Evaluating $a^n \mathrm{~mod~}m$ is easy when $m$ is prime or $a, m$ are co-prime meaning $\gcd(a,m)=1$. But when $a, m$ are not co-prime, it's not easy to solve it. In this case, Repeated Squaring method can resolve it which needs just about $\lceil\log_2{n}\rceil$ steps at most. Although here, $3$ and $79$ are co-prime, we're going to use repeated squaring method as it's the generalized one.

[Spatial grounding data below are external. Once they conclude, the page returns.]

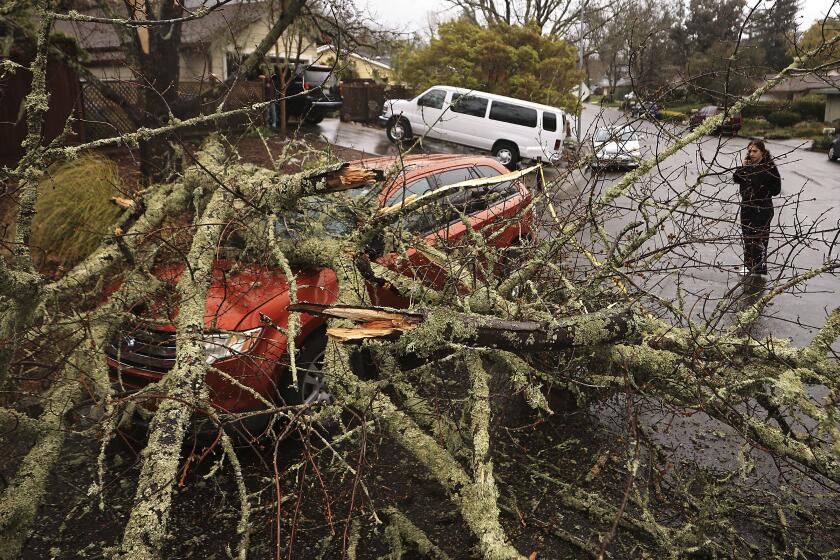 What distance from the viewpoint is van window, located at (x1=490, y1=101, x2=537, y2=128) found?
17.1 metres

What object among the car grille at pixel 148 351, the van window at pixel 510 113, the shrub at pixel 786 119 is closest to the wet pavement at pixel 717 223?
the van window at pixel 510 113

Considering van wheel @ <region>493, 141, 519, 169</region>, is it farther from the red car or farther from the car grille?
the car grille

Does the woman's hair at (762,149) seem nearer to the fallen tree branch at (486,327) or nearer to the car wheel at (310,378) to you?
the fallen tree branch at (486,327)

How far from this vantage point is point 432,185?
5996mm

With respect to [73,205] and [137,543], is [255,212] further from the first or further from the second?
[73,205]

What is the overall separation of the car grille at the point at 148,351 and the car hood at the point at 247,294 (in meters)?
0.10

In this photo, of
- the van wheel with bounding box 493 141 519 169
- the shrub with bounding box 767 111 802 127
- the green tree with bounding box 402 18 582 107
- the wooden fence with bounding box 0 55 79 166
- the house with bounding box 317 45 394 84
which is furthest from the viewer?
the shrub with bounding box 767 111 802 127

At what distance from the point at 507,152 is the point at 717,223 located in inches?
454

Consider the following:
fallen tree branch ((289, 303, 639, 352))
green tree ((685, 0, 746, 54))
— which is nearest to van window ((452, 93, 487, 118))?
fallen tree branch ((289, 303, 639, 352))

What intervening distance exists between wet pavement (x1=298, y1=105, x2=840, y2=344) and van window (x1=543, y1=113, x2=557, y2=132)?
1155mm

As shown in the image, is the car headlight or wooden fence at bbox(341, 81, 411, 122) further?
wooden fence at bbox(341, 81, 411, 122)

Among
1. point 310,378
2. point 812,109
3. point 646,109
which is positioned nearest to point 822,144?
point 812,109

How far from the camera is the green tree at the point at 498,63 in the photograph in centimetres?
2136

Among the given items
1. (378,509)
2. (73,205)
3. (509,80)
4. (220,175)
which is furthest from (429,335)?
(509,80) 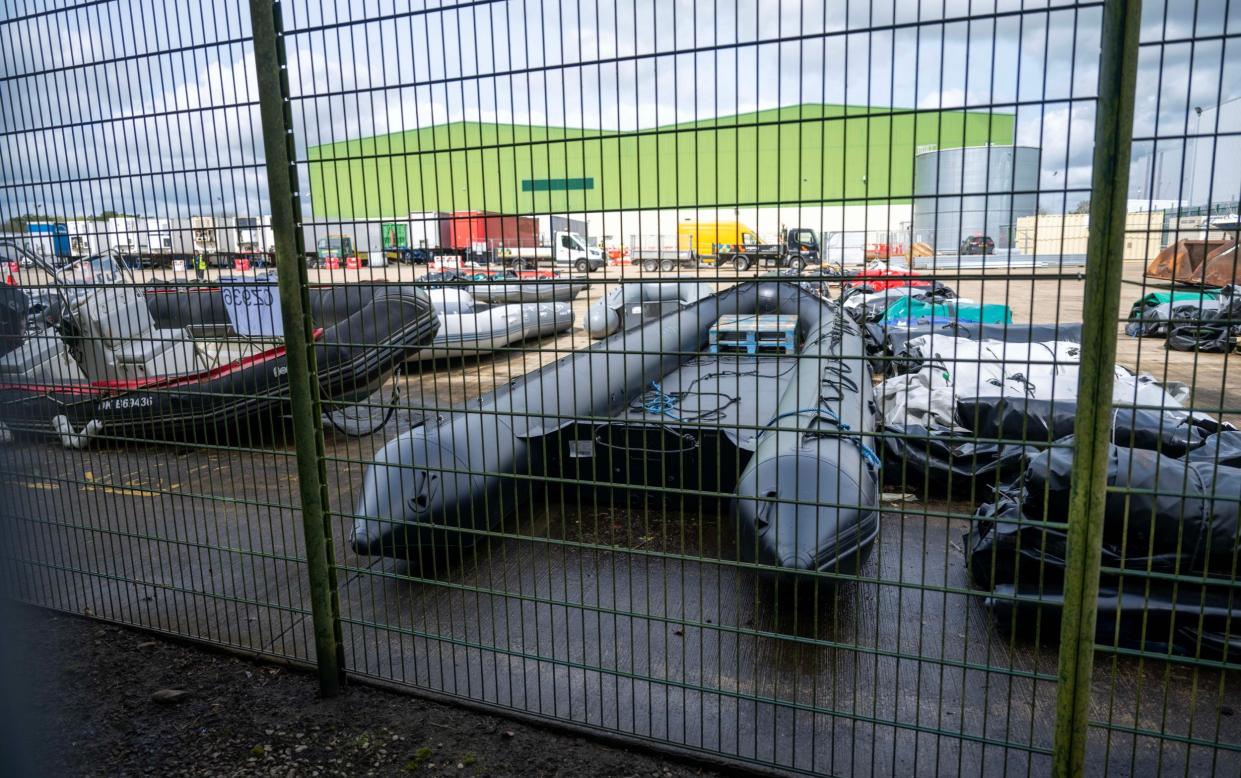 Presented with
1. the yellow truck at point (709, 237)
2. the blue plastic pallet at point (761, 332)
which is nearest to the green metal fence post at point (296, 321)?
the yellow truck at point (709, 237)

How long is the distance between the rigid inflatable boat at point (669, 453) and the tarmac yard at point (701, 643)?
180mm

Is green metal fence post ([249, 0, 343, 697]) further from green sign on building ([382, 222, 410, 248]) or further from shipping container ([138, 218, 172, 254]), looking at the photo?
shipping container ([138, 218, 172, 254])

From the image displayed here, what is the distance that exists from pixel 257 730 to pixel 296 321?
1482 millimetres

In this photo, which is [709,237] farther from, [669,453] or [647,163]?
[669,453]

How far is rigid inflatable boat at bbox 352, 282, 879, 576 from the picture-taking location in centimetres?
248

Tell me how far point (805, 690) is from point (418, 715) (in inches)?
57.4

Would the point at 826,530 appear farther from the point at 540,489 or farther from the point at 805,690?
the point at 540,489

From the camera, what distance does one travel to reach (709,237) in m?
2.39

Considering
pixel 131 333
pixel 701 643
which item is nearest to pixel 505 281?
pixel 701 643

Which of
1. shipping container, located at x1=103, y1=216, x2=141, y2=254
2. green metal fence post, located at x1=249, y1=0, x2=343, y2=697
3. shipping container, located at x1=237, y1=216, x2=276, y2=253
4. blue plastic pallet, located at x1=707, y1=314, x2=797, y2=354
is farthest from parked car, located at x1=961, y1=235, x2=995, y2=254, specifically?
shipping container, located at x1=103, y1=216, x2=141, y2=254

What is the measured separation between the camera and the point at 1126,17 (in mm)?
1784

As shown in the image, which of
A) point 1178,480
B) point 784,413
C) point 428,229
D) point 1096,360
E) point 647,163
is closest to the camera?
point 1096,360

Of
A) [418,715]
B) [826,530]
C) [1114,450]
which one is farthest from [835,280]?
[418,715]

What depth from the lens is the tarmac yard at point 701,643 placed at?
2.54m
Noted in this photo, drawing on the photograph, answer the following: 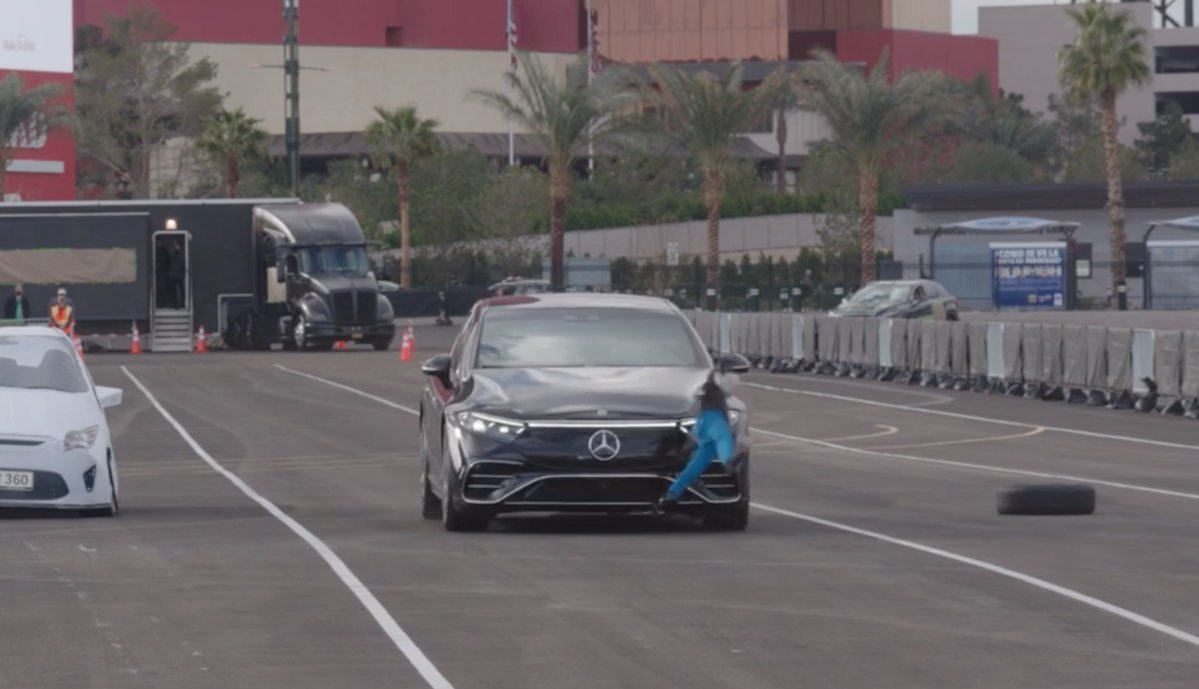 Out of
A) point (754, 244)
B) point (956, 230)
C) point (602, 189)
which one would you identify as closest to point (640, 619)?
point (956, 230)

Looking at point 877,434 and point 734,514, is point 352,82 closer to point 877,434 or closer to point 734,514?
point 877,434

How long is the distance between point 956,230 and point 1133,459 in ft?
159

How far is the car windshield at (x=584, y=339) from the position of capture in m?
15.0

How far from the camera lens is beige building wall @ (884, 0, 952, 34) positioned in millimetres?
129125

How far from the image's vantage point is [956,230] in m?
70.6

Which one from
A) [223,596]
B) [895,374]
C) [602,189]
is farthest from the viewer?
[602,189]

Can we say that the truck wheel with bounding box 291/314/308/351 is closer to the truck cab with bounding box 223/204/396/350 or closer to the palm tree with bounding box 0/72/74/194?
the truck cab with bounding box 223/204/396/350

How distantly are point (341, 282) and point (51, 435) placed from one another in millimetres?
40527

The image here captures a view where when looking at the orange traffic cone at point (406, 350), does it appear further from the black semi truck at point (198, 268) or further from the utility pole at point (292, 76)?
the utility pole at point (292, 76)

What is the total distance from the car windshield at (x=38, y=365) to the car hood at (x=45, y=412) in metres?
0.16

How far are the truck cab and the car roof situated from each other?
1559 inches

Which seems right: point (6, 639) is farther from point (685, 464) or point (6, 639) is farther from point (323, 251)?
point (323, 251)

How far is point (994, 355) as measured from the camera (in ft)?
118

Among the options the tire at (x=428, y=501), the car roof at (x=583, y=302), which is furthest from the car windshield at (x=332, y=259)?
the tire at (x=428, y=501) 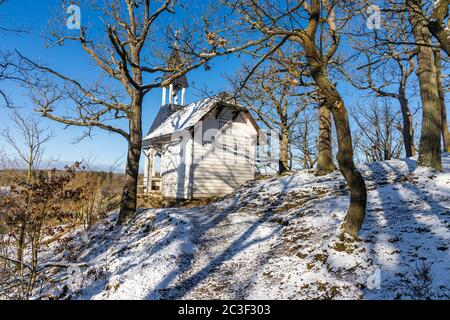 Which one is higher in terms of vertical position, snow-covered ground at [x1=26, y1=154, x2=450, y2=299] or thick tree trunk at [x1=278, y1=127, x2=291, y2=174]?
thick tree trunk at [x1=278, y1=127, x2=291, y2=174]

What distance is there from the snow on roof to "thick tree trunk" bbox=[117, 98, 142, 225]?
4.14 m

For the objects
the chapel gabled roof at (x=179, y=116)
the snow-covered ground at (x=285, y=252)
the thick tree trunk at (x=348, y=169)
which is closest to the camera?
the snow-covered ground at (x=285, y=252)

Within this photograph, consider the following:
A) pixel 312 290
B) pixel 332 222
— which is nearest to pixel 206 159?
pixel 332 222

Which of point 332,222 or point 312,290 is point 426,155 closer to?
point 332,222

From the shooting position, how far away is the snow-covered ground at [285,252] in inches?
157

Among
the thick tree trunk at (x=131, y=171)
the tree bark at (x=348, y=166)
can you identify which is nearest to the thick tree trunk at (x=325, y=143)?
the tree bark at (x=348, y=166)

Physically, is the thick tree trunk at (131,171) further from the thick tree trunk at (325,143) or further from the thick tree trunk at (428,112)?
→ the thick tree trunk at (428,112)

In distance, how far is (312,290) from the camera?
158 inches

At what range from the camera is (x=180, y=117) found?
16.5m

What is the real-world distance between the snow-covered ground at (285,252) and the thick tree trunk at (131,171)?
0.59 metres

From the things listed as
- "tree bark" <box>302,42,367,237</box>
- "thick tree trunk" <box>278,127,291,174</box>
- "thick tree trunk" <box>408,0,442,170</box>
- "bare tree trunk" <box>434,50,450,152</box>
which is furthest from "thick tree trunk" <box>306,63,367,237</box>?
"bare tree trunk" <box>434,50,450,152</box>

$3^{37} \mathrm{~mod~} 79\equiv 3\left(3^{18}\right)^2\mathrm{~mod~} 79 \tag{1}$
$3^{18} \mathrm{~mod~} 79\equiv \left(3^{9}\right)^2\mathrm{~mod~} 79 \tag{2}$
$3^{9} \mathrm{~mod~} 79\equiv 3\left(3^{4}\right)^2\mathrm{~mod~} 79 \tag{3}$
$3^{4} \mathrm{~mod~} 79\equiv 81\mathrm{~mod~} 79 \tag{4}$
Now evaluating in a bottom-up fashion,
no$(4)$ $\Rightarrow 3^{4} \equiv 2$
no$(3)$ $\Rightarrow 3^{9} \equiv 3\left(2\right)^2\equiv3\times4\equiv12$
no$(2)$ $\Rightarrow 3^{18} \equiv \left(12\right)^2\equiv144\equiv 65\equiv-14$
no$(1)$ $\Rightarrow 3^{37} \equiv 3\left(-14\right)^2\equiv3\times196\equiv3\times38\equiv114\equiv35$
$\therefore 3^{37} \mathrm{~mod~} 79\equiv35$
So the correct answer is D.
Note: Here $\equiv$ means modular equivalence.